Brief:
Nothing outside the range is to be copied. From the entries below, reproduce exactly the lines starting at the one with "Bouteille shaker protéinée" and ending at the one with "NEXT Womens Green", without pictures.

Task input:
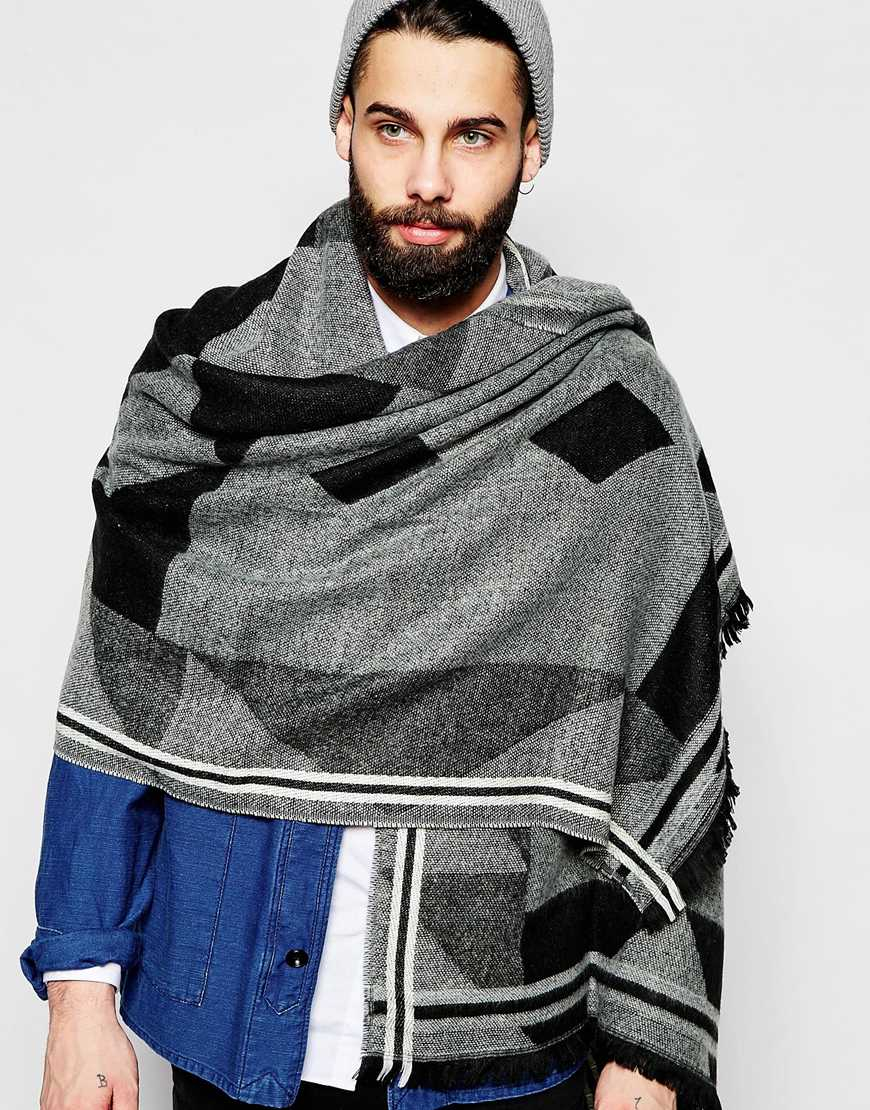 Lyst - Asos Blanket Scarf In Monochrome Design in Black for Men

--

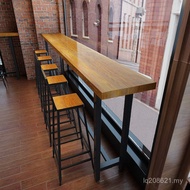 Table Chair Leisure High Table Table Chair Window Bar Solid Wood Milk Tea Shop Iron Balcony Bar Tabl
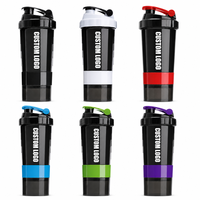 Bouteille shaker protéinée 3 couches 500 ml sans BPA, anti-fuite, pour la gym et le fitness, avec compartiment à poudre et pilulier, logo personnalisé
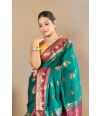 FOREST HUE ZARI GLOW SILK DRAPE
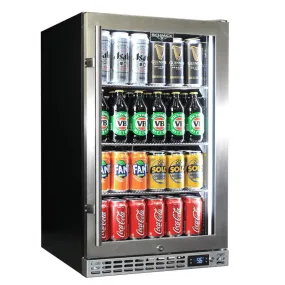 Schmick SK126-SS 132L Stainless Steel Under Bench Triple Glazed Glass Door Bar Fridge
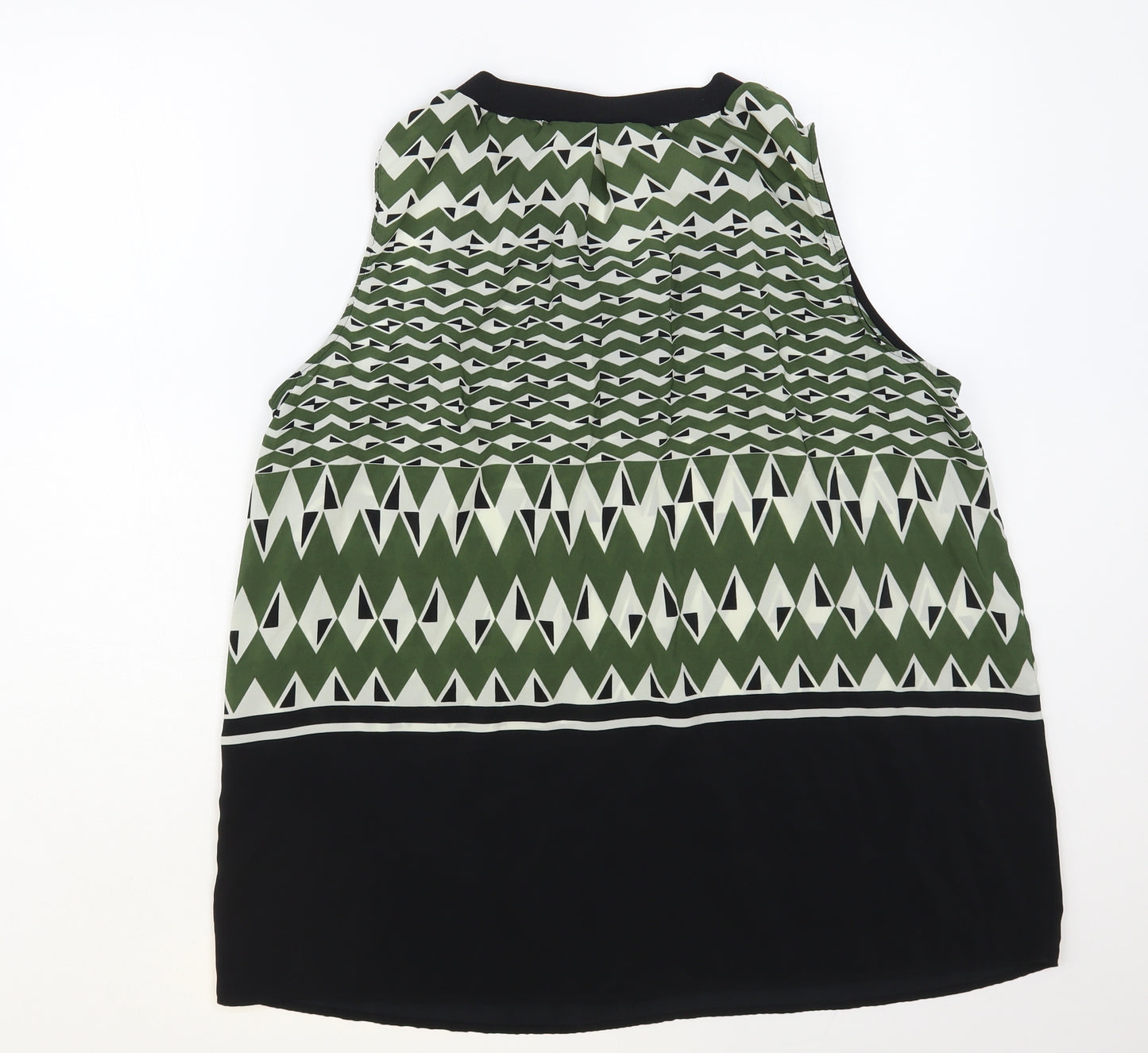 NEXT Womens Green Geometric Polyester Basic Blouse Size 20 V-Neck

Solution to the exercise:
 Bouteille shaker protéinée 3 couches 500 ml sans BPA, anti-fuite, pour la gym et le fitness, avec compartiment à poudre et pilulier, logo personnalisé
 FOREST HUE ZARI GLOW SILK DRAPE
 Schmick SK126-SS 132L Stainless Steel Under Bench Triple Glazed Glass Door Bar Fridge
 NEXT Womens Green Geometric Polyester Basic Blouse Size 20 V-Neck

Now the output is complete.